Chesapeake has strengths that could enable it to ride out the storm. Low interest rates have made its junk bonds popular with investors. What's more, Chesapeake is “asset rich,” S&P said, noting how the company “has been adept at structuring varied and innovative transactions to generate funds.”
With its aggressive financial management, some analysts say, Chesapeake could be making a correct bet that it can reinvest the cash it's raising in higher-yielding assets, such as new wells.
“They know what they are doing,” said John Rittenhouse, chief executive of EDF Trading, a London firm that is one of Chesapeake's largest trading partners. “It is a question of redeploying capital.”
15 MILLION ACRES
Chesapeake's remarkable rise dates to 1989, when McClendon co-founded the company. He dispatched “land men” across America to scout out energy plays, eventually building an empire on 15 million acres of land in 16 states. It's one of the biggest property-buying sprees ever by a public company in the United States, a combined area nearly the size of West Virginia.
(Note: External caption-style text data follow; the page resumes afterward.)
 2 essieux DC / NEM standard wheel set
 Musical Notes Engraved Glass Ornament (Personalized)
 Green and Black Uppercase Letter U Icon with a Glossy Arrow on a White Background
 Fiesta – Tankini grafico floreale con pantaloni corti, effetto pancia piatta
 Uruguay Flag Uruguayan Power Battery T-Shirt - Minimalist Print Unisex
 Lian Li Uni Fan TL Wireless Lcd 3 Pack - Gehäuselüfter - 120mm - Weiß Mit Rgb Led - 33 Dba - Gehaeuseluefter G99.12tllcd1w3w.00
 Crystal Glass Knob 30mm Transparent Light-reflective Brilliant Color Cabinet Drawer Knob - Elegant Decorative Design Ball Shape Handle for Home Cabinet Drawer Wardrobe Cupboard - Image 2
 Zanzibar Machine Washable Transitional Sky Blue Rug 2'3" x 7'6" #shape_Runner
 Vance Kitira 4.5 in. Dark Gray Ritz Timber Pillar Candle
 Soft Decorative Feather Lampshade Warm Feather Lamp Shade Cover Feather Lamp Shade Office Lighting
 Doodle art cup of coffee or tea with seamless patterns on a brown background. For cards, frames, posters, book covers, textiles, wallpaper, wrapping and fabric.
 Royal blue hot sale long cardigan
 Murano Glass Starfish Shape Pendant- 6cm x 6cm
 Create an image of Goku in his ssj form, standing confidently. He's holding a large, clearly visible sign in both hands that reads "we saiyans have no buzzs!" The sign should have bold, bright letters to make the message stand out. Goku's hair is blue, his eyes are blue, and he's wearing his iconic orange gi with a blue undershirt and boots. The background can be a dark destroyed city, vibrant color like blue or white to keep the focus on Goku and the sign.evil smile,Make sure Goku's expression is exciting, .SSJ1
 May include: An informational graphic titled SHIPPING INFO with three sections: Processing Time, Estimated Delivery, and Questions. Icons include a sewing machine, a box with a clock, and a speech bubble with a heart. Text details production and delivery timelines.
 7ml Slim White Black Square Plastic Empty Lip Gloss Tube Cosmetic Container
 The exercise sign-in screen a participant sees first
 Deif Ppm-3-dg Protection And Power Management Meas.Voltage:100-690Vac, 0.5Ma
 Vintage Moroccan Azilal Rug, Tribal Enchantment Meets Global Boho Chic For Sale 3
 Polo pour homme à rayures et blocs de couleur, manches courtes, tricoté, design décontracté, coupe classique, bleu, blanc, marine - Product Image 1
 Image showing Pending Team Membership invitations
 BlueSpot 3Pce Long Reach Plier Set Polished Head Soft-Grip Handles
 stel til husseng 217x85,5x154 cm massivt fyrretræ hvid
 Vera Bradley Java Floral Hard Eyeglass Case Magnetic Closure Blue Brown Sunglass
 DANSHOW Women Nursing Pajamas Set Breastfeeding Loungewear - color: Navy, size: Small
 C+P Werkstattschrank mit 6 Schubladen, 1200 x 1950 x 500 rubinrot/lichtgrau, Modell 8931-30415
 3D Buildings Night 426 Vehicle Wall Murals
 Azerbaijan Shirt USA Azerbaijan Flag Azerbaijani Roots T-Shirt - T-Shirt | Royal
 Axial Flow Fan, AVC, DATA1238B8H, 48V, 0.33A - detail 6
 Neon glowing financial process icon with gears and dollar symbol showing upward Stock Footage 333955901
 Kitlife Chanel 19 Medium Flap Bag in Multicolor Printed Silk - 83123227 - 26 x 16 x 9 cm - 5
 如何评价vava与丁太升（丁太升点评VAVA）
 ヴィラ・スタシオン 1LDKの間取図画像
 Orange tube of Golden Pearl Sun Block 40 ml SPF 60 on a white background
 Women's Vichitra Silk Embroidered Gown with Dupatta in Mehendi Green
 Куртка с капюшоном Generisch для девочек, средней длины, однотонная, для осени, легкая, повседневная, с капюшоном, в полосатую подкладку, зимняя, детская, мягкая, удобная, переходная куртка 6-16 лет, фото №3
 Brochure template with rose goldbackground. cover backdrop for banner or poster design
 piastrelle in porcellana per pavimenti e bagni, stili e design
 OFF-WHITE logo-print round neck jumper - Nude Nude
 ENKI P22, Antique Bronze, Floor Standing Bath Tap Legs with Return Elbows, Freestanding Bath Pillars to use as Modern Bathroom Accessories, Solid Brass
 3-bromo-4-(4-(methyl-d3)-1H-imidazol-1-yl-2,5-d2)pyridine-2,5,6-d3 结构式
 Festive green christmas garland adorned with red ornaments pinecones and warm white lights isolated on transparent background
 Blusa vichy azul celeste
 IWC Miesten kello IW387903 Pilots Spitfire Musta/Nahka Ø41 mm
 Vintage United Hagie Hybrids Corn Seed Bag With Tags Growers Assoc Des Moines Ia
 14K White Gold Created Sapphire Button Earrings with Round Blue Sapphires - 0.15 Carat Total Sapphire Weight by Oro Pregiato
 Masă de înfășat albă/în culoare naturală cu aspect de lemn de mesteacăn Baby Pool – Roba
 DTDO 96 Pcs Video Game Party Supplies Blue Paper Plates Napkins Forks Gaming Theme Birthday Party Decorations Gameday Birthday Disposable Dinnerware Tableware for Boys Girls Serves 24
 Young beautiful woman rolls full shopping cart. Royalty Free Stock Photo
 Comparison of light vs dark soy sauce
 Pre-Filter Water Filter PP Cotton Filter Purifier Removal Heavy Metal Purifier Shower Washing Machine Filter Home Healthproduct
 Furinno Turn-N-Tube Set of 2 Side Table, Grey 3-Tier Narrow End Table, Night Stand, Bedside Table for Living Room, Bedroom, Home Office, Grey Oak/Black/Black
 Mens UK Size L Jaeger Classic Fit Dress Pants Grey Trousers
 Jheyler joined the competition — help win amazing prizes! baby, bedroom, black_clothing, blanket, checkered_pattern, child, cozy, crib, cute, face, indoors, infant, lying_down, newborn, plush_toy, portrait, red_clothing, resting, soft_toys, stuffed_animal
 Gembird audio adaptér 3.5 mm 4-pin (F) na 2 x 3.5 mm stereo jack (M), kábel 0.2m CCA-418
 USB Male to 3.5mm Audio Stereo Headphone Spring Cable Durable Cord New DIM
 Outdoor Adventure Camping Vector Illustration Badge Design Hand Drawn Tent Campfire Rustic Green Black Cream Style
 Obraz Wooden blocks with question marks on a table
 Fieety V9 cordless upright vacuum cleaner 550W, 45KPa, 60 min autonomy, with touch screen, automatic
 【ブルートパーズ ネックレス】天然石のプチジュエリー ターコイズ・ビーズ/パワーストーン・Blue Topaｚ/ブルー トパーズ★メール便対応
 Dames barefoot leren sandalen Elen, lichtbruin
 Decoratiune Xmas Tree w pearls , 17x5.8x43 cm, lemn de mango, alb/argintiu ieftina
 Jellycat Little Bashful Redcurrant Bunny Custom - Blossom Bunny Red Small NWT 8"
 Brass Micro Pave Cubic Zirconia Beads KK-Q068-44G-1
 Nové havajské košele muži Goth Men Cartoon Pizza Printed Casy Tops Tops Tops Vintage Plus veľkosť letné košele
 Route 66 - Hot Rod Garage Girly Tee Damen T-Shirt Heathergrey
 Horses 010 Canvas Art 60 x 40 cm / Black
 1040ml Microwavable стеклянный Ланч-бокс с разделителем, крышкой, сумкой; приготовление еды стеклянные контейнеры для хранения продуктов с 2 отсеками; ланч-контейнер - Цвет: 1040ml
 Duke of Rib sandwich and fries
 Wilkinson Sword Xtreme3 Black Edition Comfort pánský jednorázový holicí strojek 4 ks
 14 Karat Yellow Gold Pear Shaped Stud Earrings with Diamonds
As Chesapeake sped its expansion, it needed to raise ever-larger sums to lease land and drill on it. An important tool is the volumetric production payment, or VPP, which it first used in 2007.
The deals allow Chesapeake to sell to trading partners future natural gas and oil production in exchange for upfront cash. Rivals have used VPPs, but Chesapeake has tapped them much more.
Reuters tallied 10 VPP deals by Chesapeake and two by McClendon. Chesapeake's use of VPPs has grown as rivals have moved away from them. The problem, analysts say, is that a company gives up future cash from a well. They also are a relatively expensive source of capital.
“It is rare for (exploration and production companies) to use VPPs as financing vehicles, especially in recent years,” said Joseph Allman, a J.P. Morgan Chase & Co analyst who follows Chesapeake.